What you return should be only the lines in the entries below between the one holding "A modern kitchen" and the one holding "Building contractor worker", ends included, with every picture left out.

* Data to examine
* * *

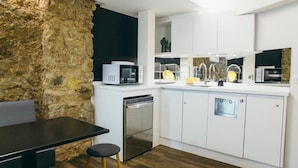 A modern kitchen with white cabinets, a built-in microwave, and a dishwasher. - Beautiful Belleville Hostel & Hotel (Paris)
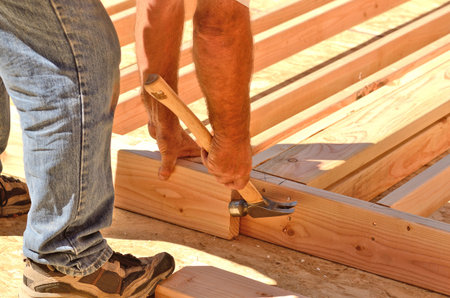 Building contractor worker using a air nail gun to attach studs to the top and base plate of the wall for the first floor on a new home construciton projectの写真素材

* * *

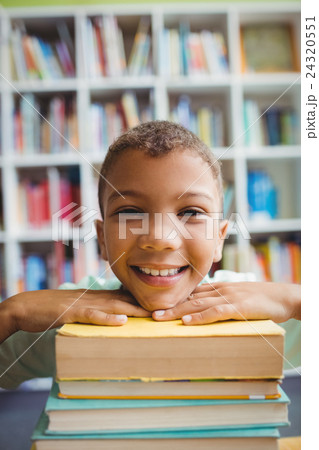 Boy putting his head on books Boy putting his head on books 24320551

* * *

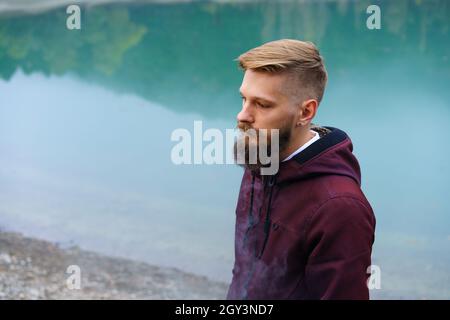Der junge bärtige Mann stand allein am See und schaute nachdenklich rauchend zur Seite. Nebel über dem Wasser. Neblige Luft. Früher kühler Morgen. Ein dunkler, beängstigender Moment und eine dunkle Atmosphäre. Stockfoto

* * *

* Reply to the task
 A modern kitchen with white cabinets, a built-in microwave, and a dishwasher. - Beautiful Belleville Hostel & Hotel (Paris)
 Building contractor worker using a air nail gun to attach studs to the top and base plate of the wall for the first floor on a new home construciton projectの写真素材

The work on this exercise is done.